An article in the Seattle Post Intelligencer describes efforts in that city between residents and the parks department to make their parks better places.

In March, more than 100 people packed a room at the Lake City Library, concerned about violent crime and persistent drug deals in the area. The neighborhood’s Little Brook Park had been nicknamed Little Beirut by neighbors and some law enforcement sources.

Boykins, boyfriend Aram Westergreen and others organized potlucks in the park on the second Saturday of each month. Their roommates helped out, as did their former apartment manager. A friend who speaks Spanish volunteered to make calls to non-English speaking neighbors.

Neighborhood grocery stores have donated hot dogs and buns. The Lake City Pony Express chipped in with free copies for fliers.

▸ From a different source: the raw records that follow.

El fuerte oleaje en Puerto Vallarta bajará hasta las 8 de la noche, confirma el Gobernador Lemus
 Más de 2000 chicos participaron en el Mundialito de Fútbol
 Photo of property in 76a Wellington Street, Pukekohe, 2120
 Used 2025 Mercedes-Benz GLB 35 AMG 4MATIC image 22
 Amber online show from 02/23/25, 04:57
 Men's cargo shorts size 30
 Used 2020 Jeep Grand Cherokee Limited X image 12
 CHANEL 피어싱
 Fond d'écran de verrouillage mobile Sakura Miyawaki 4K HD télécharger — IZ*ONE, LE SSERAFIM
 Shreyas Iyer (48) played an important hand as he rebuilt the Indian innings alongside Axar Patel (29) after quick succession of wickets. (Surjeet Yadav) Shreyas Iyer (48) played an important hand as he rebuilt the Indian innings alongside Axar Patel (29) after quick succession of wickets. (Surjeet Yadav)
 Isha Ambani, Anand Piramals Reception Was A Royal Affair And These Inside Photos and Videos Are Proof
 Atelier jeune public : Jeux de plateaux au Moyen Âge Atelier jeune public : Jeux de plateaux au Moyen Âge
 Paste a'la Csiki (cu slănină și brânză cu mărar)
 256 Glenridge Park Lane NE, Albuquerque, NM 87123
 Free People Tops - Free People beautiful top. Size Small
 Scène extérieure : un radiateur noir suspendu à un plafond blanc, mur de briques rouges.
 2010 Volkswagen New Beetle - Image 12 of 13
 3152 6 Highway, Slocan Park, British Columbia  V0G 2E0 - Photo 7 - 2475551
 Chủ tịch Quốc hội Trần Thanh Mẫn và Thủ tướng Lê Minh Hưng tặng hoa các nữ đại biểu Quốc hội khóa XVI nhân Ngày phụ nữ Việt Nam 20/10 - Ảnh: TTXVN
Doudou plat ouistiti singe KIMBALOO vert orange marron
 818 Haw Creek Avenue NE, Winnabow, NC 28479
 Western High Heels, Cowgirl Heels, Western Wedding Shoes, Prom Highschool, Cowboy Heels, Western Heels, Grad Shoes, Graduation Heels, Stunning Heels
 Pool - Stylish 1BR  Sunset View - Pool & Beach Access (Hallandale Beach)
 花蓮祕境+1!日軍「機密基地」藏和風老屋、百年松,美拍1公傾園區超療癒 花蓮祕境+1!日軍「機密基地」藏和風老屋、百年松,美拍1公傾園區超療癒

“People are realizing there are others who care and people are talking about the park a little differently now,” Boykins said. “The parks department has really been helping us with the money aspect of it and the emotional part of it, too, when we can’t figure out how to get things.

“They’ve been great mentors.” When people such as Westergreen and Boykins contact the parks department with concerns about a park needing activities, they’re directed to the community parks coordinator. “There are a whole bunch of different tools we may use depending on the location,” Iverson said.

The parks department, through its parks coordinator, has provided small grants to local groups, film equipment to show outdoor movies and worked with residents to identify particular problem spots within parks to concentrate efforts.